I read Ed Davis's new novel The Psalms of Israel Jones with great attention and pleasure. Here is a review of it by Susan S. Carpenter. I want to add that I don't think I have ever read a better depiction in contemporary fiction of people who believe in God: God isn't the answer here, but rather part of the texture of the people's existential situations. Highly recommended!

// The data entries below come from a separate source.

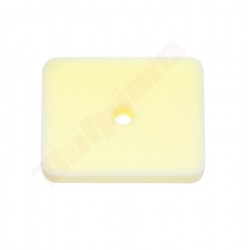 ВОЗДУШНЫЙ ФИЛЬТР 81X62X18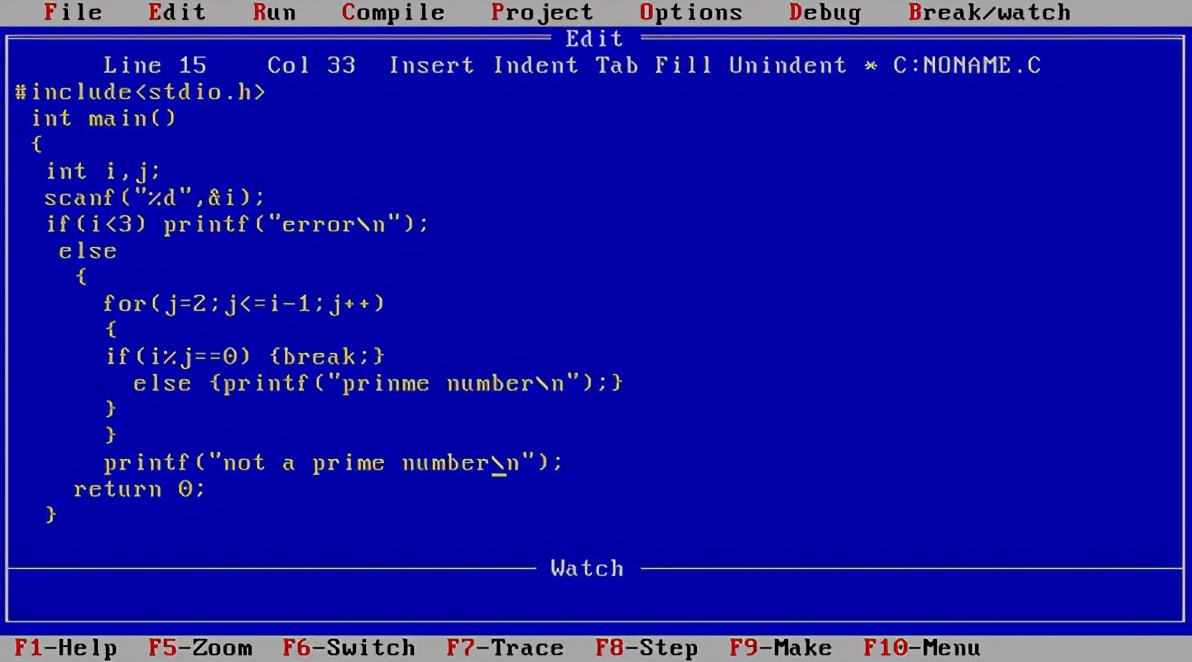 python的编译器和解释器,jvm解释器和即时编译器的区别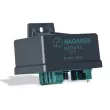 Temporisateur de préchauffage MAHLE MHG 16 - Visuel 1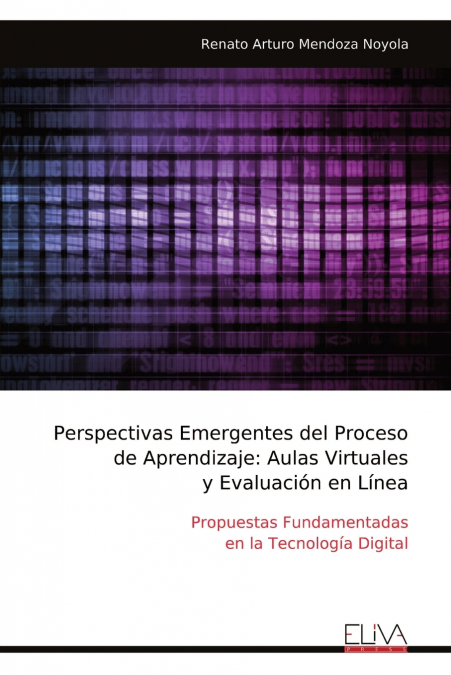 Perspectivas Emergentes del Proceso de Aprendizaje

Snakes, Religion, Rock & Roll : Susan S. Carpenter Reviews Ed Davis's The Psalms of Israel Jones

With the character Israel Jones, Ed Davis has created, a folk-rock star, a legendary guitar, a howling harmonica, and beautiful ambiguous lyrics. Like other music legends (Dylan, Jagger, Neil Young) this singer-songwriter got his start in the early sixties and is still on tour in 2005. The novel is narrated by his son Thomas, pastor of the Suffering Christ Church of Holy Martyrs. After avoiding his father for five years, Thom receives a mysterious phone call telling him his father is "exciting them to violence." So, in the midst of his own troubles that include a divorce-in-process and pressure from the church deacons to take a leave of absence, Thom joins his father's "eternal tour."
The first stop is a snake-handling worship service in in West Virginia, where Israel Jones has quietly joined the congregation. Thom glimpses a snake held aloft, its coiled body "shimmering obscenely," and spots his father sitting quietly in a pew, "his gnarled hands loosely clasped before him, the veritable picture of unhip humility." This church, it turns out, is where Israel's parents are buried in the graveyard.
The snakes in Israel's religious background are merely the first of many discoveries about this baffling man, whose song lyrics "could mean this, could mean that, in the end probably don't mean anything," whose screeching guitar ("channeling the demons of hell") and howling harmonica excite his audiences to crazy behavior. Thom's mysterious phone caller has referred to a group of young followers Thom calls "the Furies," who cut themselves with razor blades during Israel Jones's concerts.
This is the man, Thom thinks, "who walked out on his fragile wife and five-year-old son in order to live free as the wind and sow his seed across five continents, leaving a score of children and bereft mothers without alimony in his wake." Thom recounts a litany of Israel Jones' flaws, musical, personal, and spiritual. But early on it's evident that this father/son journey will include the son's painful self-discoveries. Thom lurches from crisis to adventure to illumination in what turn out to be his father's final tour and his own life's upheaval.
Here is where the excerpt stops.